Think about it like this:
If I had stayed in school, my family would have pressured me to study for the university entrance exam. I would have been psychologically crushed by that exam stress, and the time I could devote to my own projects would have been almost zero, because teachers were constantly forcing study sessions.

Being at home has its own hardships, of course, very different ones. House chores, and because of my allergies I suffer non-stop. I’m allergic to dust, pollen, strong grass smells… and the problem is that almost every job around here involves exactly those things: mowing grass in summer, taking care of animals, etc.

On top of all that, the biggest issue was the constant feeling of loneliness at home. The friend circle would never be like it was at school ever again. And that part, honestly, was the hardest on my soul.

There are many, many more things, but in the end I thought about it for a very long time and decided that coming home was the best decision.

The next morning my father kept stubbornly trying to send me back. The principal of the school I had originally won (the best school in the city) even called my father and gave him suggestions about getting me to return. I knew exactly how disappointed my father was, so I rejected his demands respectfully.

That’s how my first day at home ended. My father was still extremely angry with me. He just sat there and kept telling all the men in the house, “None of you will ever amount to anything.”

I come from a big family. I’m the youngest male, I have four older brothers. Each of them had different opinions about my decision, but the one who always gave me the greatest psychological support was my oldest brother. He opened a door so I could see my own inner strength, and I walked through it myself.

Everyone in the house blamed my oldest brother for me leaving school, but he had absolutely nothing to do with it. I told everyone over and over: this was my decision.

Within 2-3 days the entire neighborhood was gossiping about me dropping out. Most of them came to our house just to piss my father off and talk about it.

I had made a promise to myself. The power that promise gave me kept me going. I was constantly subjected to psychological bullying.

That first year after leaving school was so incredibly hard that every single day was spent just working in my room. I had already made a blacklist in my mind; everyone who hurt my soul was going to pay for it one day.

At the same time, I started ventures in many different areas and began taking huge steps in what I was doing. The pressure to go back to school was still there, but for me it wasn’t even an option anymore.

By the end of the first year, everyone at home had finally accepted it. My own work started progressing even more, and then new problems appeared, above all: loneliness.
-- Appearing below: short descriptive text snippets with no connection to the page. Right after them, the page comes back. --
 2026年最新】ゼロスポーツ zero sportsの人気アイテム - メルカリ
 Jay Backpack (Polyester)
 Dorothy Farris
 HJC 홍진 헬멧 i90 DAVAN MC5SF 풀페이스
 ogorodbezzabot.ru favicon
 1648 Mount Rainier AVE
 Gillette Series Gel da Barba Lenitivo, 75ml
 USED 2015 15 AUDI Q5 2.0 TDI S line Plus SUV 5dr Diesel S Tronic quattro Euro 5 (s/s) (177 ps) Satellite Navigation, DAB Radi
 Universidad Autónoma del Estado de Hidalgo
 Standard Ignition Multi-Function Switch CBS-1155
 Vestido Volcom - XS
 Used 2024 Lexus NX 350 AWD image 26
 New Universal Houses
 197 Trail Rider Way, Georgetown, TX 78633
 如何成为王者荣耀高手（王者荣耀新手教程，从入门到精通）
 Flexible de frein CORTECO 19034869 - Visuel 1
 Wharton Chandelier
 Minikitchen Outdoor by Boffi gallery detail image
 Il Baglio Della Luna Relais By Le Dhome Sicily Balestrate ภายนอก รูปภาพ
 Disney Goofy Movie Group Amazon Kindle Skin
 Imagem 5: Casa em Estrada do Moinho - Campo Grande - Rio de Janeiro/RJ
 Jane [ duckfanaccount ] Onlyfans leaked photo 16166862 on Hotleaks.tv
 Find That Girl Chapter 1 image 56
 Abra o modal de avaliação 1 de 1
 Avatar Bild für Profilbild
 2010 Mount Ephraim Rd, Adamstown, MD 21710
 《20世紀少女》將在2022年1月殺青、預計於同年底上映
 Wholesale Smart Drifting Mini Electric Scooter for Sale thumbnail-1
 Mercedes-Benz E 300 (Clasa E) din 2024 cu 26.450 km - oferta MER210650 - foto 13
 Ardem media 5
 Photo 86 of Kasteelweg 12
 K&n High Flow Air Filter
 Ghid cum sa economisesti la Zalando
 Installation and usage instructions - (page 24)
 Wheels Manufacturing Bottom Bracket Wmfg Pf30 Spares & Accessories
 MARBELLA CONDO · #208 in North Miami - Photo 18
That feeling is the most active emotion in my life. Every moment, everywhere, I am alone. I miss the friend circle I had at school. I have no friends now. All of this is so hard, believe me, incredibly hard. I’m dealing with very tough things, and on top of that the weight of loneliness is crushing.
I knew it was going to be like this, but I never imagined it would be this hard. I always tell myself the same thing: “Even if I were still in school today, I would do exactly the same thing again.”